The response should contain all of the records, copied exactly, and none of the images.

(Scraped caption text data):
------------------------------------------------------------------------

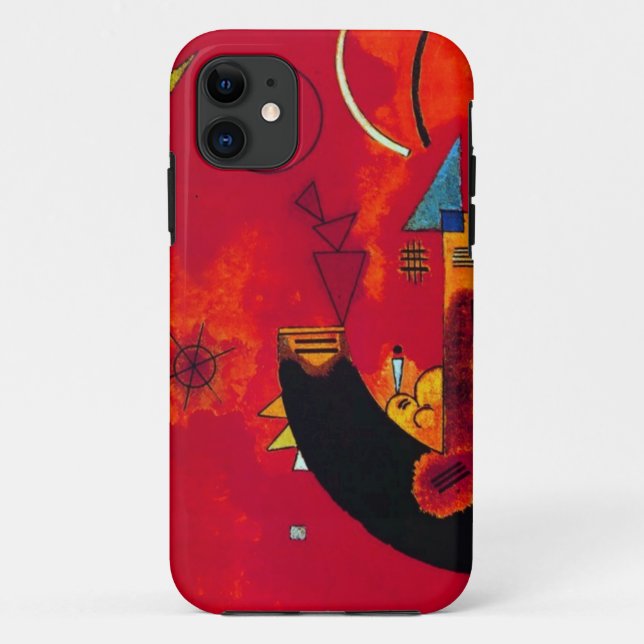 Kandinsky Mit und Gegen Case-Mate iPhone Hülle (Rückseite)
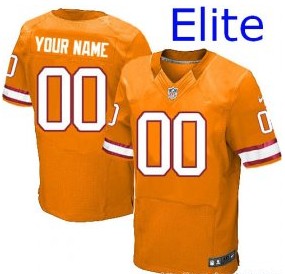 Nike Tampa Bay Buccaneers Customized Elite Yellow Jerseys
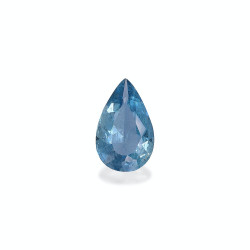 Pear-cut Aquamarine Blue...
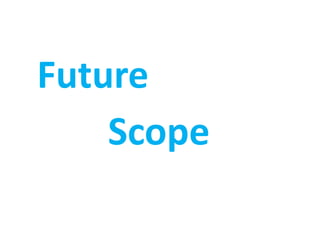 Future
Scope
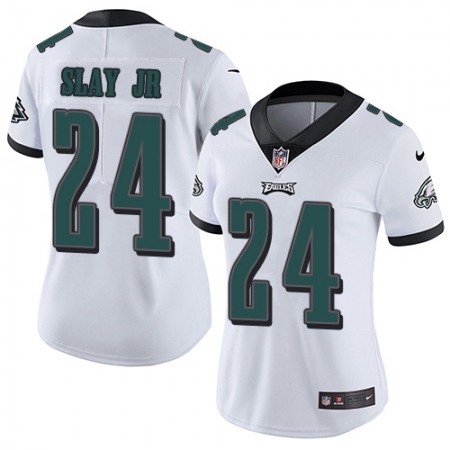 Nike Eagles #24 Darius Slay Jr White Women's Stitched NFL Vapor Untouchable Limited Jersey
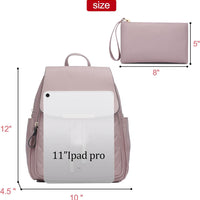 Quilted Leather Backpack Purse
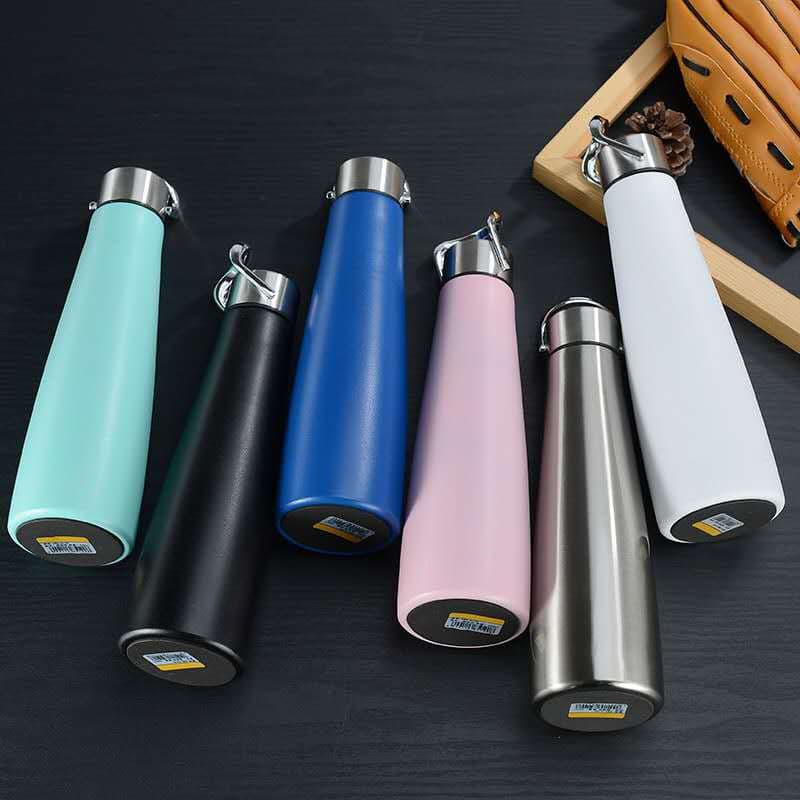 Hot-Selling Cross-Border Carry Lid Cola Bottle, 304 Stainless Steel Insulated Cup, Outdoor Sports Water Bottle with Logo Printing Support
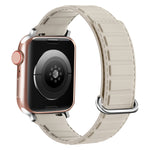 Reverse Buckle Magnetic Silicone Watch Band, For Apple Watch Series 4 40mm, For Apple Watch Series 3 38mm, For Apple Watch Series 3 42mm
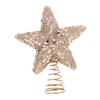 Cabilock Christmas Star Tree Topper Decorative Xmas Tree Star Ornament for Holiday Cheer Sturdy Treetop Decoration view 1
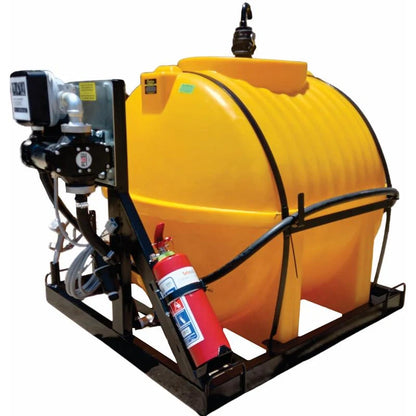 650l Diesel bowser 85lpm-12v horizontal unit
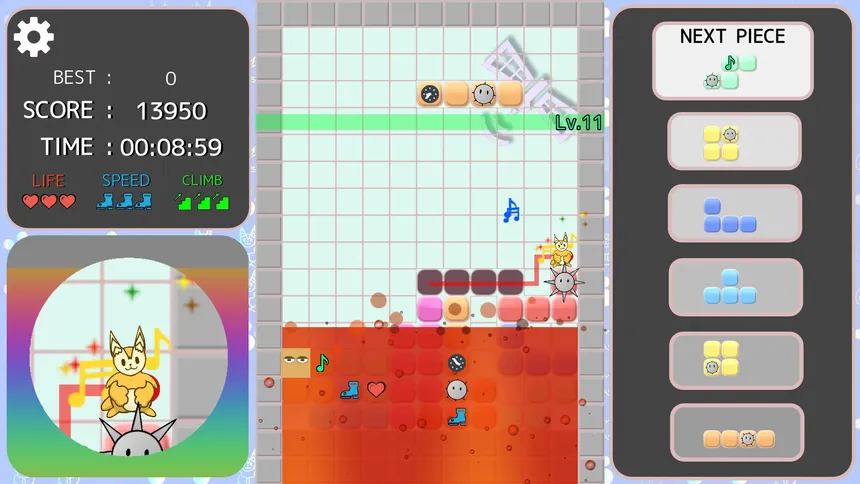 Скриншот 4 к игре Climb! NYARUMA Action Puzzle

------------------------------------------------------------------------

(Written solution):
 Kandinsky Mit und Gegen Case-Mate iPhone Hülle (Rückseite)
 Nike Tampa Bay Buccaneers Customized Elite Yellow Jerseys
 Pear-cut Aquamarine Blue...
 Future
Scope
 Nike Eagles #24 Darius Slay Jr White Women's Stitched NFL Vapor Untouchable Limited Jersey
 Quilted Leather Backpack Purse
 Hot-Selling Cross-Border Carry Lid Cola Bottle, 304 Stainless Steel Insulated Cup, Outdoor Sports Water Bottle with Logo Printing Support
 Reverse Buckle Magnetic Silicone Watch Band, For Apple Watch Series 4 40mm, For Apple Watch Series 3 38mm, For Apple Watch Series 3 42mm
 Cabilock Christmas Star Tree Topper Decorative Xmas Tree Star Ornament for Holiday Cheer Sturdy Treetop Decoration view 1
 650l Diesel bowser 85lpm-12v horizontal unit
 Скриншот 4 к игре Climb! NYARUMA Action Puzzle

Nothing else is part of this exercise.